(AVAILABLE DATA Opens)

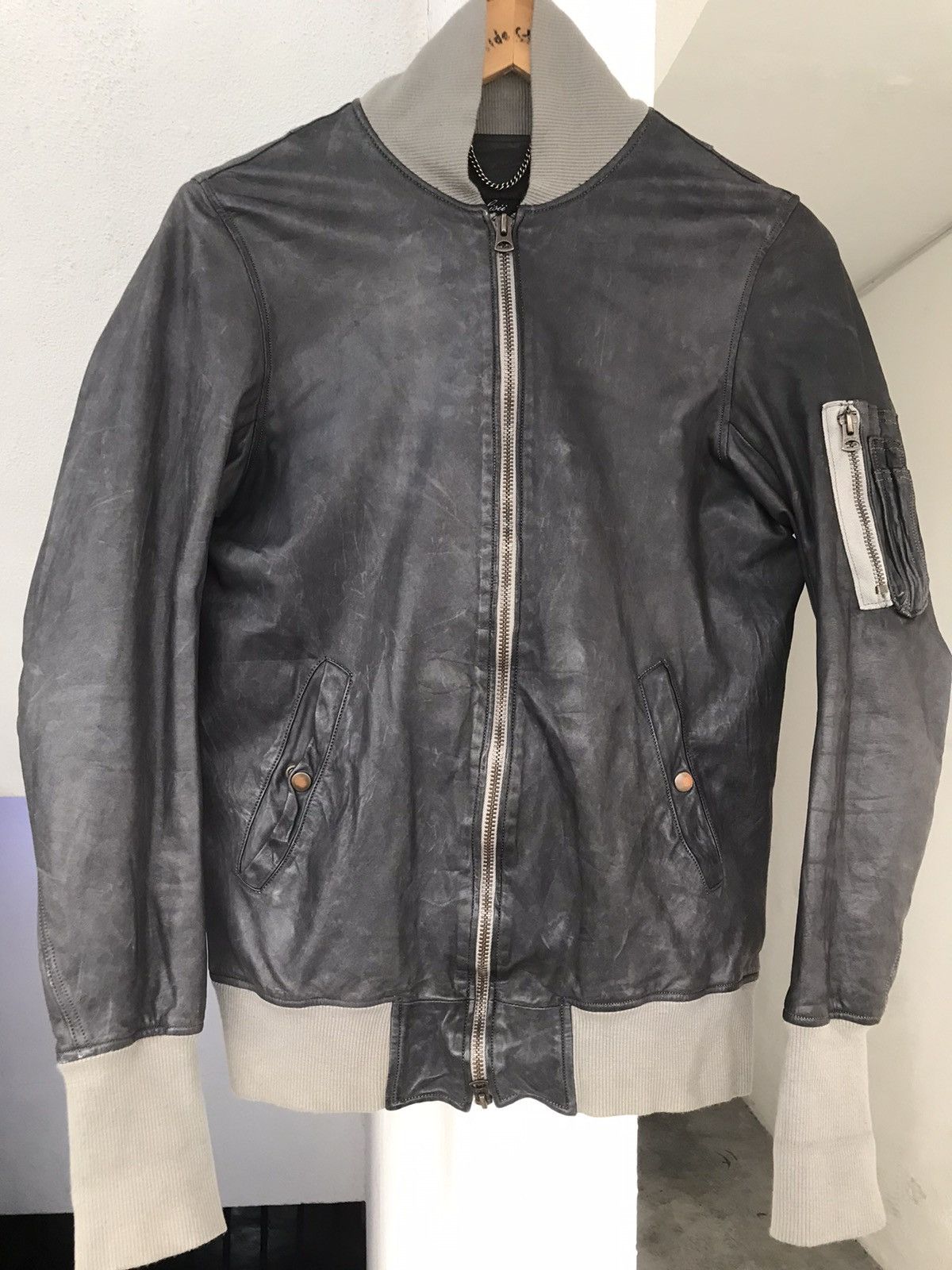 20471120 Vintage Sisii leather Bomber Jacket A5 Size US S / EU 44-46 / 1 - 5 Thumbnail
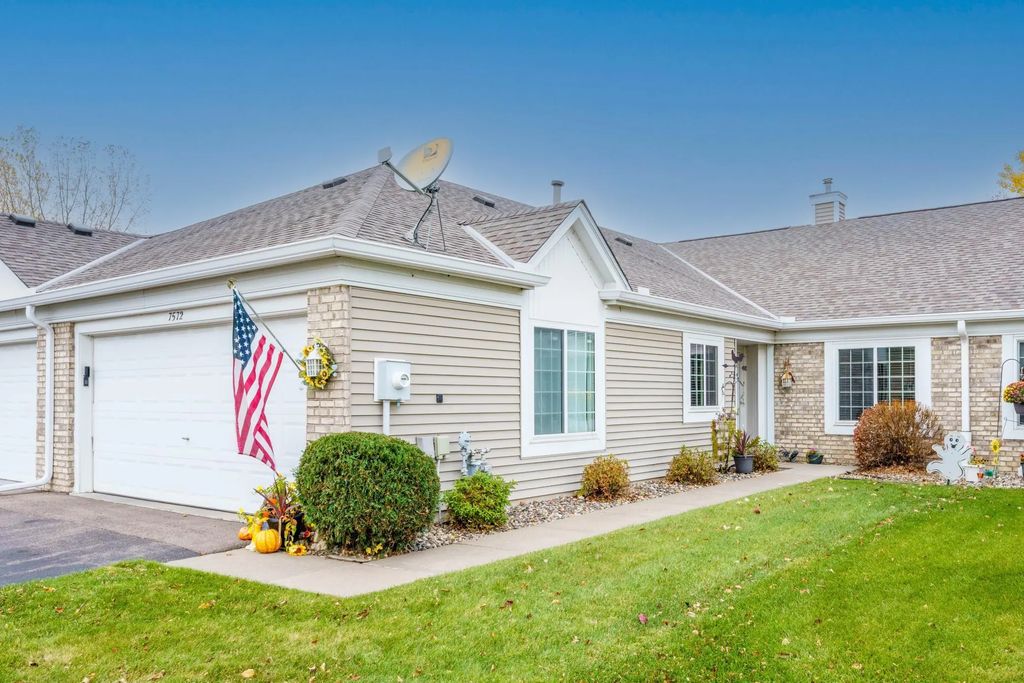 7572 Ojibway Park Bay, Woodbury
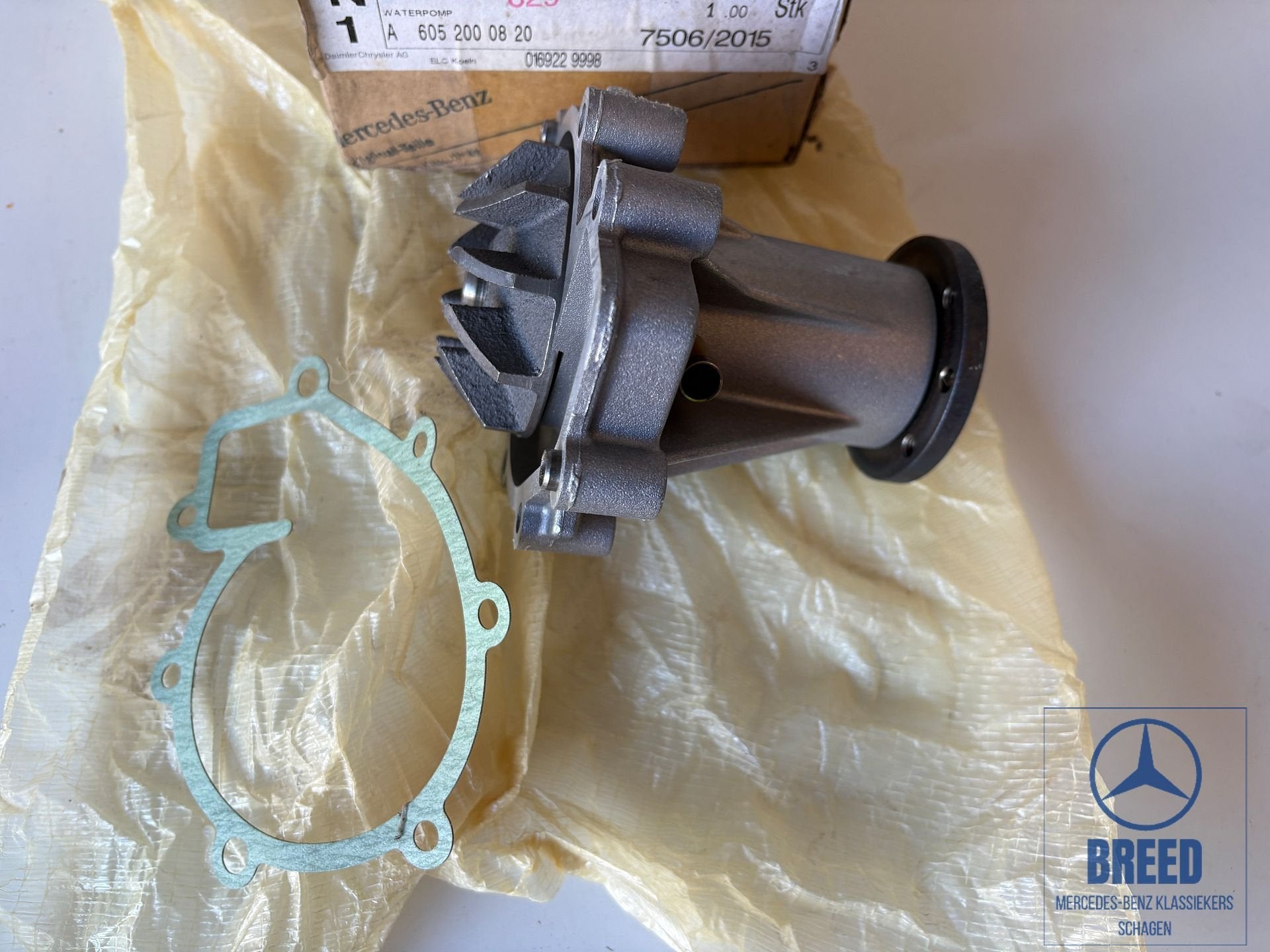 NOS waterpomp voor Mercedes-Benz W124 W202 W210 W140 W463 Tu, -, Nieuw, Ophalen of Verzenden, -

(AVAILABLE DATA Closes)

ASSIGNMENT: Please make an exact copy of the whole listing and leave out its pictures.

TASK OUTPUT:
 20471120 Vintage Sisii leather Bomber Jacket A5 Size US S / EU 44-46 / 1 - 5 Thumbnail
 7572 Ojibway Park Bay, Woodbury
 NOS waterpomp voor Mercedes-Benz W124 W202 W210 W140 W463 Tu, -, Nieuw, Ophalen of Verzenden, -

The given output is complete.